[AVAILABLE DATA]
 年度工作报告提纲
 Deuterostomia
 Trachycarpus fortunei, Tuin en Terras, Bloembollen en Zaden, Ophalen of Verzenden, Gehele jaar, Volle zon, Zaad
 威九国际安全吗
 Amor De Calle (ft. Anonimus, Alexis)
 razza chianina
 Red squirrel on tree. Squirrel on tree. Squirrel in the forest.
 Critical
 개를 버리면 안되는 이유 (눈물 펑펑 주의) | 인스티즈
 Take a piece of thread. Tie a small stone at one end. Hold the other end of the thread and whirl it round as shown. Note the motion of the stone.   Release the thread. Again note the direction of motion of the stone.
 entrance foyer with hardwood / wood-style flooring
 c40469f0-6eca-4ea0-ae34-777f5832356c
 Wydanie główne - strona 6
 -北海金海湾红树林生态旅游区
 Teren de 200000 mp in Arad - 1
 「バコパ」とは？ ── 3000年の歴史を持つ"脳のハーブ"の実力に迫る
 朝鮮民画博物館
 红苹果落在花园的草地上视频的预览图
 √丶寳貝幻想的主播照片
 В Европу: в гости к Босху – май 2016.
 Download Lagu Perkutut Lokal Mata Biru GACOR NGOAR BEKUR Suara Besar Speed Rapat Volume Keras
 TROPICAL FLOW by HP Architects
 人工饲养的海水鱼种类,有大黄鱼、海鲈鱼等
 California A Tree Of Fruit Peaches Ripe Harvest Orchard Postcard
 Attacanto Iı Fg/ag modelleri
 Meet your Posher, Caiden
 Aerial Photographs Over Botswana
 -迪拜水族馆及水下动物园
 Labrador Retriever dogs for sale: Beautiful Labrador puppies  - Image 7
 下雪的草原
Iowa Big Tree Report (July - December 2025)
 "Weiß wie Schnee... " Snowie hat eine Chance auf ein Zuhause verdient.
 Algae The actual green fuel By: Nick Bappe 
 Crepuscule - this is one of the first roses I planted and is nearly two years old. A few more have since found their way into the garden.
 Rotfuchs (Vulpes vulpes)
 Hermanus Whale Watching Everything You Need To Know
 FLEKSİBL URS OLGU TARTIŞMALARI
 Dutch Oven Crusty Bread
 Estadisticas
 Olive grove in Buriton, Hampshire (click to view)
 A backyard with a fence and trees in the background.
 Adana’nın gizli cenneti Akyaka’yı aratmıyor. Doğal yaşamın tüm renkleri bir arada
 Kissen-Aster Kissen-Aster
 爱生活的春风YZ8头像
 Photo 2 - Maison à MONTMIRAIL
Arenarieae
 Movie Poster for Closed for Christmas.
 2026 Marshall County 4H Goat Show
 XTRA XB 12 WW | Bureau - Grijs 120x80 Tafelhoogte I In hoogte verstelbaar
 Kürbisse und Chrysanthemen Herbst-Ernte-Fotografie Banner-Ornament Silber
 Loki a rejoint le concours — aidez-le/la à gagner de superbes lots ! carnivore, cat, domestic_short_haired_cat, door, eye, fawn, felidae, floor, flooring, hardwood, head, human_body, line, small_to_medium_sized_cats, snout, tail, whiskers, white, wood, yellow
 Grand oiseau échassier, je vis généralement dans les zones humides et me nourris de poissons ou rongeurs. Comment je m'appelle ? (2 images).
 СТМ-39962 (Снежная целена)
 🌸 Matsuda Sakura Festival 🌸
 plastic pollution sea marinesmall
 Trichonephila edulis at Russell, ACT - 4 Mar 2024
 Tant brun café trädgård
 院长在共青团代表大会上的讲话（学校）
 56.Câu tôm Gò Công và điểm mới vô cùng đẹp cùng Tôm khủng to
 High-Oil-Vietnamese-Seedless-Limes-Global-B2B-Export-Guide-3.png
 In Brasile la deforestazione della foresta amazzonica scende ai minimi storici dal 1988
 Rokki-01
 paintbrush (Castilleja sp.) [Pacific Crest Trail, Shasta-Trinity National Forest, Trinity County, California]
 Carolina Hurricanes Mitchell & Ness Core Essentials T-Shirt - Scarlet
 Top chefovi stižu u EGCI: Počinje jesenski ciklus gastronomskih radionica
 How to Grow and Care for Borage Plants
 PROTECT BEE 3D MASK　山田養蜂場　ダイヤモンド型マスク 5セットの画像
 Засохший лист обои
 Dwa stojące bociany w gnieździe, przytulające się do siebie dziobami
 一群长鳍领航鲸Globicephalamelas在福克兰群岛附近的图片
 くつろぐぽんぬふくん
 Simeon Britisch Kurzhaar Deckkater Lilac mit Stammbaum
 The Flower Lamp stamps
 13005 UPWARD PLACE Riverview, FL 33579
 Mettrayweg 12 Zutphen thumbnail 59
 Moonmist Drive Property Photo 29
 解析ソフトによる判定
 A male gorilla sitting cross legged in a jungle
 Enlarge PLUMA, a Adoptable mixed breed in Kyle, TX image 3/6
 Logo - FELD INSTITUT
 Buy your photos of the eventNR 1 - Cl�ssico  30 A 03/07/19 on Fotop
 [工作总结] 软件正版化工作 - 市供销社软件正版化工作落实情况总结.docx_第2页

[INSTRUCTIONS TO FOLLOW] Lines, not occurrences, are what count: report how many lines of the records above include the word "with", and nothing else.

[COMPLETED EXERCISE] 2